Election day had finally arrived, and the traffic of conversation was in Patrick’s favor. When it came time to vote, I was filled with the satisfaction of seeing his name on the ballot, and checking off his name reminded me of the confidence that he had previously displayed during our first encounter. I did not know if he could come through with that claim, but I knew that he had overcome my expectations. As the votes were tallied, I sat in an uncomfortable silence, as I sometimes did, although this time it was replaced with a nervous churning that brewed inside me. I am sure it must have been even more painful for Patrick, and my apathy only further contributed to my discomfort.
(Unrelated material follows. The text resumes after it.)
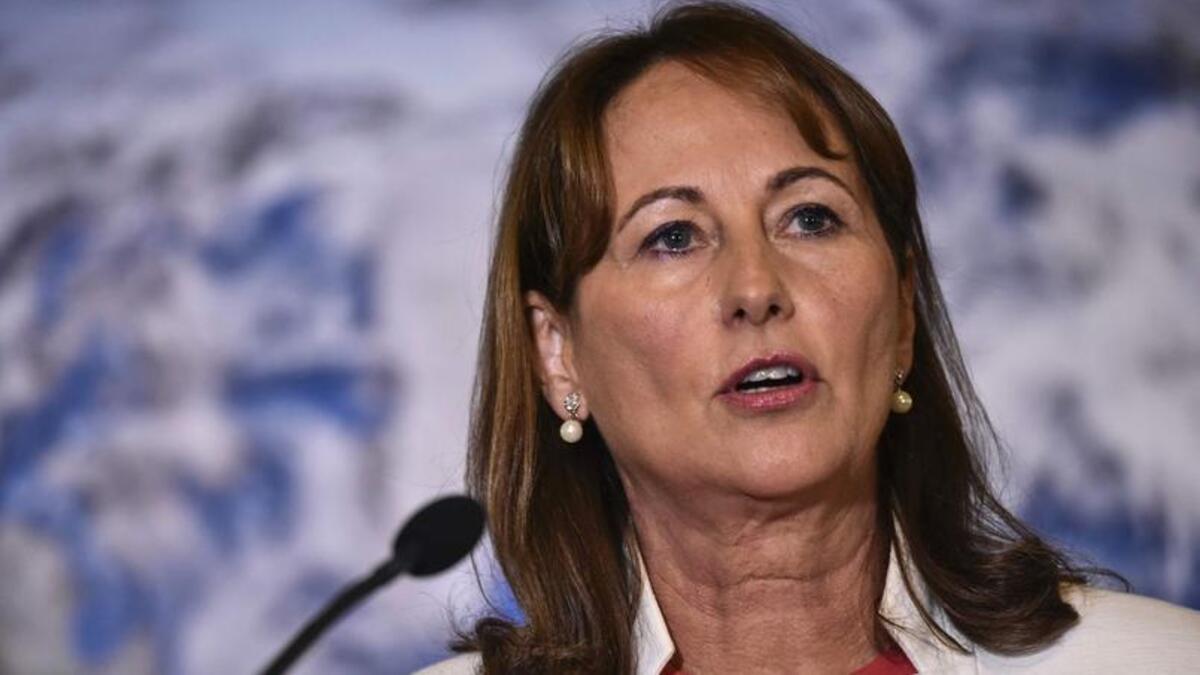 الرئيس الفرنسي فرنسوا هولاند لديه 4 أبناء من رفيقته السابقة سيجولين رويال والتي انفصل عنها عام 2007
At the end of the day, the ringing bell from the overhead speakers made my heart sink, as I knew this was the moment. The monotonous administrator on the intercom system, announcing the results of the election. I felt like I could hear my heartbeat, and its intensity was increasing. It may have been the fact that Patrick was my only true friend, but I felt connected in some way; I was awed by his persistence and his desire for success. The announcement continued, and at last, the result my mind was craving was announced.
“..and for the Freshman class President this year, the winner is Patrick Carter.”
My heart skipped a beat. I failed to process what I had just heard for a moment, and when I realized the significance of the statement, I cheered. My veins pumped with adrenaline, and I was so overpowered with joy that I failed to realize that I had shouted out loud, and was encountered with the staring faces of the class. Instinctively, I looked at the seat next to me, expecting to see an equally excited Patrick staring back at me. The chair, however, was empty. I was in English class. Without reason, I turned to the door, and waited for Patrick to stride in, like he had so often before, and take the empty seat next to me.